$2 x-y+2 z=0$
$5 x+3 y-z=0$
$x+5 y-5 z=0$
Here,
$2 x-y+2 z=0$ ....(1)
$5 x+3 y-z=0$ ....(2)
$x+5 y-5 z=0$ .....(3)
The given system of homogeneous equations can be written in matrix form as follows:
$\left[\begin{array}{ccc}2 & -1 & 2 \\ 5 & 3 & -1 \\ 1 & 5 & -5\end{array}\right]\left[\begin{array}{l}x \\ y \\ z\end{array}\right]=\left[\begin{array}{l}0 \\ 0 \\ 0\end{array}\right]$
$A X=O$
Here,
$A=\left[\begin{array}{ccc}2 & -1 & 2 \\ 5 & 3 & -1 \\ 1 & 5 & -5\end{array}\right], X=\left[\begin{array}{l}x \\ y \\ z\end{array}\right]$ and $O=\left[\begin{array}{l}0 \\ 0 \\ 0\end{array}\right]$
Now,
$|A|=\left|\begin{array}{ccc}2 & -1 & 2 \\ 5 & 3 & -1 \\ 1 & 5 & -5\end{array}\right|$
$=2(-15+5)+1(-25+1)+2(25-3)$
$=-20-24+44$
$=0$
$\therefore|A| \neq 0$
So, the given system of homogeneous equations has non-trivial solution.

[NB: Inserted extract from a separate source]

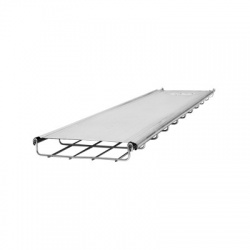 Charofil Tapa Automática para Charola Malla, 5/300cm, Electro Zinc (EZ) 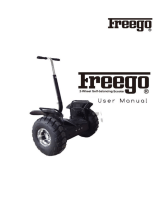 FreeGo F3 User manual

Substituting $z=k$ in eq. (1) and eq. (2), we get
$2 x-y=-2 k$ and $5 x+3 y=k$
$A X=B$
Here,
$\mathrm{A}=\left[\begin{array}{cc}2 & -1 \\ 5 & 3\end{array}\right], \mathrm{X}=\left[\begin{array}{c}x \\ y\end{array}\right]$ and $\mathrm{B}=\left[\begin{array}{c}-2 k \\ k\end{array}\right]$
$\Rightarrow\left[\begin{array}{cc}2 & -1 \\ 5 & 3\end{array}\right]\left[\begin{array}{l}x \\ y\end{array}\right]=\left[\begin{array}{c}-2 k \\ k\end{array}\right]$
$|A|=\left|\begin{array}{cc}2 & -1 \\ 5 & 3\end{array}\right|$
$=(3 \times 2+1 \times 5)$
$=11$
So, $A^{-1}$ exists.
We have
$\operatorname{adj} A=\left[\begin{array}{cc}3 & 1 \\ -5 & 2\end{array}\right]$
$A^{-1}=\frac{1}{|A|}$ adj $A$
$\Rightarrow A^{-1}=\frac{1}{11}\left[\begin{array}{cc}3 & 1 \\ -5 & 2\end{array}\right]$
$X=A^{-1} B$
$\Rightarrow\left[\begin{array}{l}x \\ y\end{array}\right]=\frac{1}{11}\left[\begin{array}{cc}3 & 1 \\ -5 & 2\end{array}\right]\left[\begin{array}{c}-2 k \\ k\end{array}\right]$
$=\frac{1}{11}\left[\begin{array}{c}-6 k+k \\ 10 k+2 k\end{array}\right]$
Thus, $x=\frac{-5 k}{11}, y=\frac{12 k}{11}$ and $z=k$ (where $k$ is any real number) satisfy the given system of equations.